Most of my family members refer to me by the colloquial expression "foodie," but I think of myself as more of a gourmand because it's not just that I like food, but rather I like great food. Any title is well-earned growing up in a family consisting masterful cooks. They think nothing of preparing meals of pit barbecued pork, cornbread-dusted catfish, buttermilk batter fried chicken, accompanied by macaroni & cheese, sweet potatoes, and greens. With a lifetime of exposure to such delicacies, what other title should one expect for any sane man?
Some of my earliest memories of foods that I have found comfort with were on the outer banks of North Carolina during summer vacations with my father's family. There, my relatives made a ritual of barbecuing a whole pig. After splitting the pig open, cleaning and spicing it with a mixture of vinegar and peppers, a big pit was wheeled out in to the driveway of our rented beach house. The rack of the pit was well oiled and the pig, so big that it covered the entire surface of the rack, was splayed out. Over the course of the day, the aroma of the roasting pig wafted through the open air surrounding the house, into any open window, door, or crevice of the house, and beyond the shore of the beach. Inquiring minds passing nearby, whom I encountered throughout the day while frolicking in the ocean in anticipation of the coming feast, never hesitated to invite themselves. I relished denying them an invite knowing that otherwise would have meant less for me. At day's end, when the smoked pig reached the goals of my male elders, and my mother and cousins put the finishing touches on the accompanying medley of dishes that typically included, bacon and onion enhanced baked beans, sweet corn on the cob, and far too many desserts. I was able to partake in the most joyous moment of what seemed my existence of the year by filling my belly to its depth with God's gift of all of these delicacies.
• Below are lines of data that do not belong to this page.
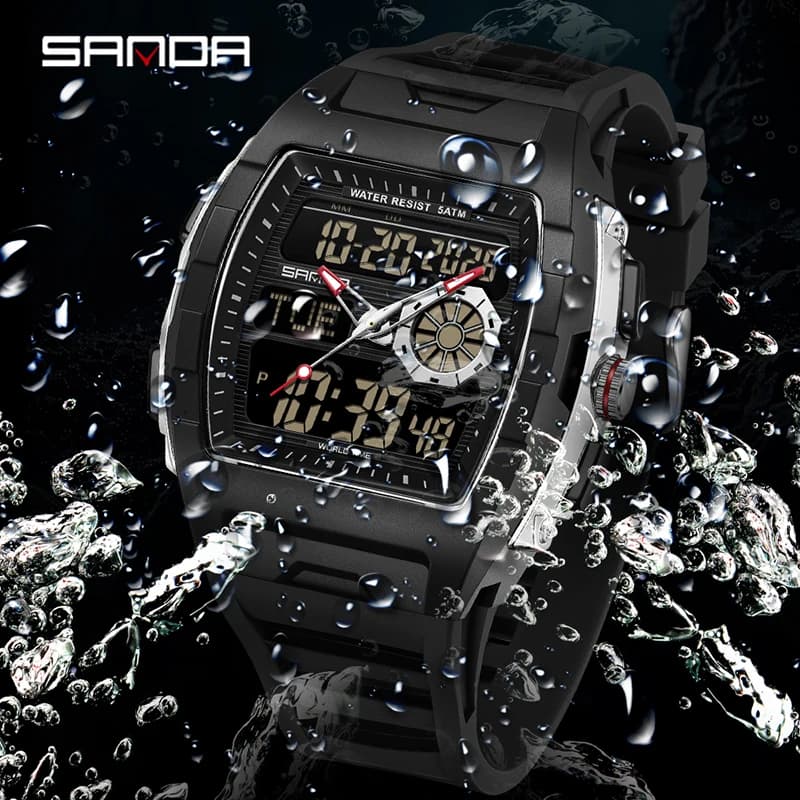 SANDA 3397 Casual Electronic Watches quartz watch for Man double display Calendar Luminous Fashion Men Digital Wristwatch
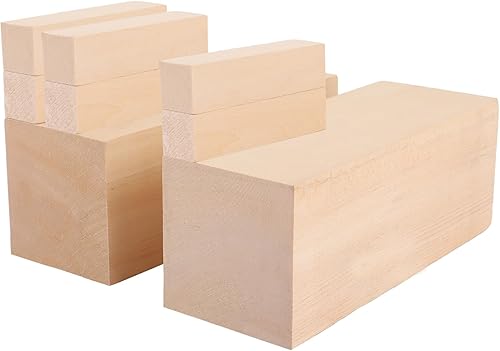 YAYODS Lot de 8 blocs de bois équarri à sculpter - Bois de tilleul à sculpter - 2 grands 20 x 7 x 7 cm - 6 petits blocs en bois équarri - 10 x 2,5 x 2,5 cm - Bois équarri de tilleul pour sculpter - Nail Gallerys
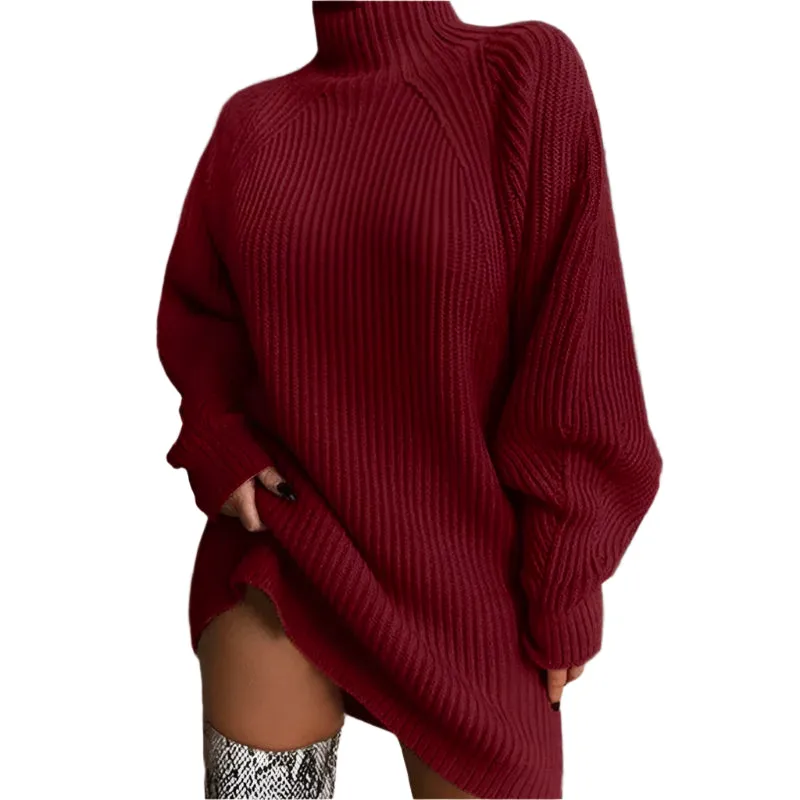 Autumn/Winter Knitted Sweater Dress - Stylish and Sexy Medium-Length Long Sleeve High Collar Dress for Women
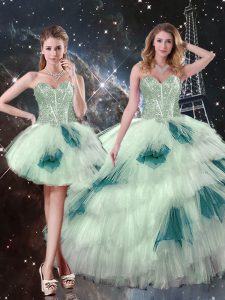 Low Price Sweetheart Sleeveless Quinceanera Dresses Floor Length Beading and Ruffled Layers and Sequins Multi-color Tulle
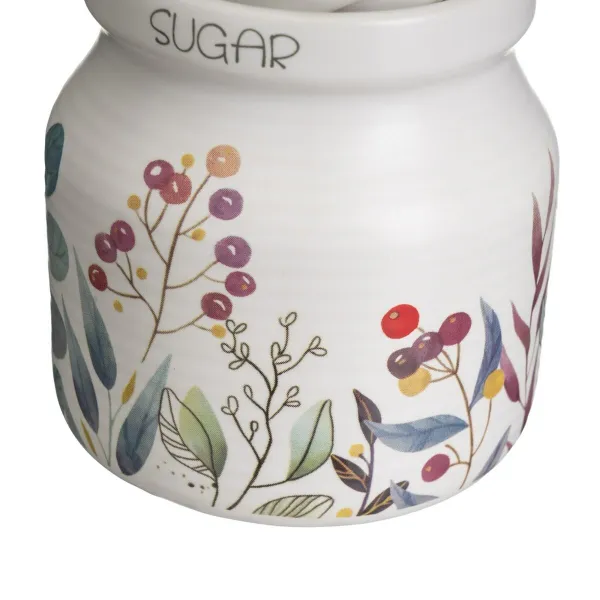 Piena un cukura trauks BERRIES Balts Sarkans Zaļš Keramika 250 ml 18,5 x 9 x 10 cm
Unfortunately, the reunions came once a year, but Adam Richman, star of Travel Channel's Man v. Food, has enlightened me to other comparable culinary delights. When planning college tours, I have studied episodes to find eateries in the area. I never intended to match Richman's prowess at devouring massive amounts of food, that would have been an impossibility, but Richman was, after all, another gourmand whose opinions I valued. Thanks to Richman, I let my hunger loose in the 'cuse with some falling (off the bone) ribs at Dinosaur Bar-B-Que and frittata at Mother's Cupboard. I also indulged with chili dogs at Skyline Chili in Cincinnati and, somewhat ashamedly, the RU Hungry grease trucks on Rutgers' campus.
Unlike Richman, my food battle is not a matter of the quantity I could consume in a matter of time, but rather a quest to find food that my family has taught me to love.